The Ai Weiwei exhibition at the Royal Academy

Something that strikes you immediately about the Ai Weiwei exhibition at the Royal Academy is that it is crowded. We went for the second time yesterday, a Friday morning, hoping that it wouldn’t as crowded as the Saturday when we went before. It was just as crowded, and people were deeply attentive not idly looking at the works. Ai Weiwei, a dissident but steeped in Chinese traditions, speaks strongly to people from this first Capitalist country and their many guests. Why? My hypothesis is that his works are beautiful and striking but infused with political and philosophical questions. People are encouraged to think and enjoy the thinking.

A related reason for the attentiveness if not the crowds may be that the audiovisual guide is free. It is part of the exhibition, creatively controlled by WeiWei himself, an artist, a sculptor, who believes strongly in the power of social media. Most of the people at the exhibition have taken the free guide, and it’s well done, including many short pieces from Weiwei himself.

What do I remember from the exhibition? If I put my mind to it I think I could remember everything, but what comes to my mind most easily?

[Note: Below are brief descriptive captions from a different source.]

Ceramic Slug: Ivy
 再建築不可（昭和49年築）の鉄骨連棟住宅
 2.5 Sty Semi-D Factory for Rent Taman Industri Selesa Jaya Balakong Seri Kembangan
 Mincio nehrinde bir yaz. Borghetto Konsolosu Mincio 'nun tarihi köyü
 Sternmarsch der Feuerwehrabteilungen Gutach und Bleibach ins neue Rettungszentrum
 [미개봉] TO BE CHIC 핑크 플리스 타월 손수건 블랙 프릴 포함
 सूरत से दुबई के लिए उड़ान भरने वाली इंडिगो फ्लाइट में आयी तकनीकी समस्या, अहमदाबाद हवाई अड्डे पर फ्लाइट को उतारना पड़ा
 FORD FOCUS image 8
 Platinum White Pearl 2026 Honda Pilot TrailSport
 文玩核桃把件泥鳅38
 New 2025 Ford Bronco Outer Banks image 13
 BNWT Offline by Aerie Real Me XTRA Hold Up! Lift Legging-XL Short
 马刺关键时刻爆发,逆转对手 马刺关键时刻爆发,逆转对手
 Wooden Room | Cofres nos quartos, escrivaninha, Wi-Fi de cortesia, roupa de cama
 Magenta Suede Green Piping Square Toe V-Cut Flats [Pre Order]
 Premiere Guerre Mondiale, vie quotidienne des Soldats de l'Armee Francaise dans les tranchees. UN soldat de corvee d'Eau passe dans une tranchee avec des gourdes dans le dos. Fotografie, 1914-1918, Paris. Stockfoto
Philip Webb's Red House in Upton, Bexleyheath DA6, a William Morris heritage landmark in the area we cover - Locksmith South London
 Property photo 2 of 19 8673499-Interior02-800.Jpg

The first is Straight, a huge collection of rusty iron rods that all but fills the floor of the largest room. The rods are arranged with a space in the middle, a space for the dead, the missing? On the walls are long lists of names. The effect is strong and beautiful and would be compelling if you had no understanding of the thinking and message behind the work, but once you do know the background its impact increases. The work commemorates people, particularly children, killed in an earthquake in China. Many people died because of poor building practices, the result of corruption. The rods were all taken from the ruined buildings. They were bent by the earthquake, but Weiwei and his team hammered them all straight. The names on the walls are those of the children who died. This is an intensely political work.

Next I think of the pile of ceramic crabs in five colours piled into the corner of the room. It’s funny as well as beautiful. It could be just a joke, but again there is a message. The crabs commemorate a feast held in Ai WeiWei’s Shanghai Studio, a feast that marked both the beginning and the end of the studio. The local government helped fund it but then demolished it when completed and before it opened “because it didn’t have planning permission.” In reality they demolished it because of Weiwei’s unacceptable political views, supporting free speech and democracy.

One of Weiwei’s most famous works are three huge black and white photographs that show him drooping and breaking a 2000 year old vase from the Han dynasty. This seems deeply shocking, especially in a city where art is venerated and such a vase might sell for tens of thousands of pounds. Isn’t this sacrilege? Does it symbolise how China neglects its past? But was the vase real or a fake? China is filled with fake vases. But does it matter, especially if you can’t tell a real one from a fake.

The work that affected me the most was the depiction of Ai Weiwei’s 81 days under house arrest. A large room contains eight (or was it six?) large blocks, which made me think (fancifully?) of the Ming Tombs that I’ve seen outside of Beijing. Each one has a door in the side, and two places where you can see inside the “house,” one at the side and one on top. When you look through the viewing spaces you see convincing models of Weiwei, the soldiers who watched him constantly, an interrogator who appeared occasionally, and Weiwei’s bed, toilet, and shower. Sometimes you look down on Weiwei on the toilet or in the shower with the soldiers watching him. We are part of the surveillance. We feel uncomfortable, watching a man shit. The walls of the room are decorated with wallpaper showing surveillance cameras in the shape of the Twitter logo.

But perhaps the work that is the most fun is the “trees” in the courtyard put together from ancient wood. They fit beautifully in the courtyard, filling the space, and combining with the statue of Joshua Reynolds. People, mostly young people, sit underneath them talking, looking at their phones, and taking pictures. People wander in and out of the trees. We contributed to the fundraising through crowdsourcing that paid for the trees to be constructed. I’m glad we did. I have an Ai Weiwei bell on my bike as a reward. Sadly it doesn’t work, but I like very much that anybody can enjoy the trees for free. Get there before they go, in just a few days.